■ **EXERCISE DIRECTIONS**
Your task is to copy the lines from the line containing "Staunton Chess Pieces" through the end of the listing below, both included, without any pictures.

■ **ENTRIES PROVIDED**
---+---
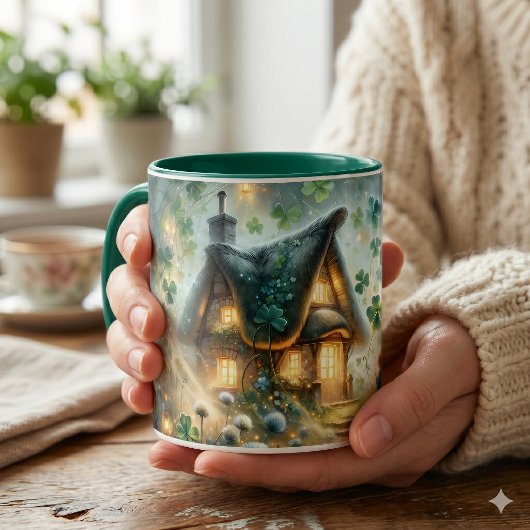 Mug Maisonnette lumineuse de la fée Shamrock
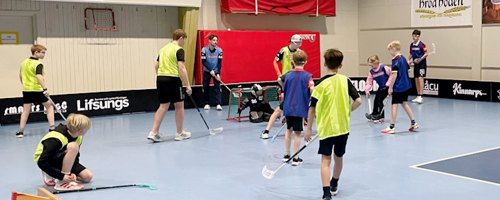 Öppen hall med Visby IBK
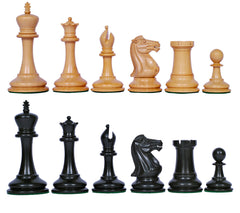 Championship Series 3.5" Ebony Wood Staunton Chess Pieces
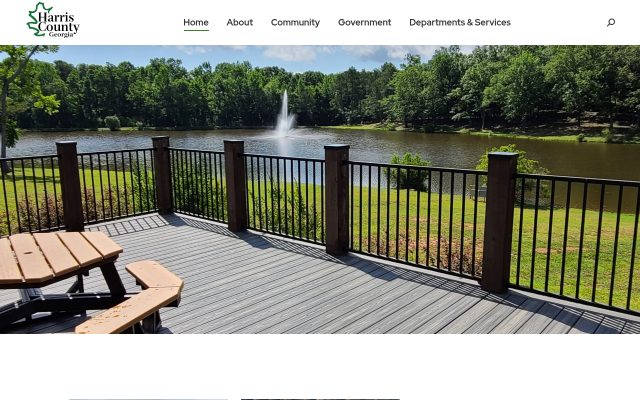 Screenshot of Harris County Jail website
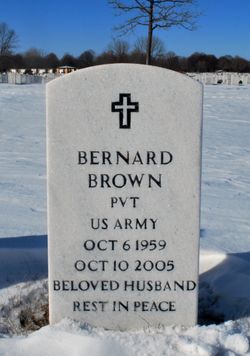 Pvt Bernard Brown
---+---
■ **RESPONSE FOR THIS EXERCISE**
 Championship Series 3.5" Ebony Wood Staunton Chess Pieces
 Screenshot of Harris County Jail website
 Pvt Bernard Brown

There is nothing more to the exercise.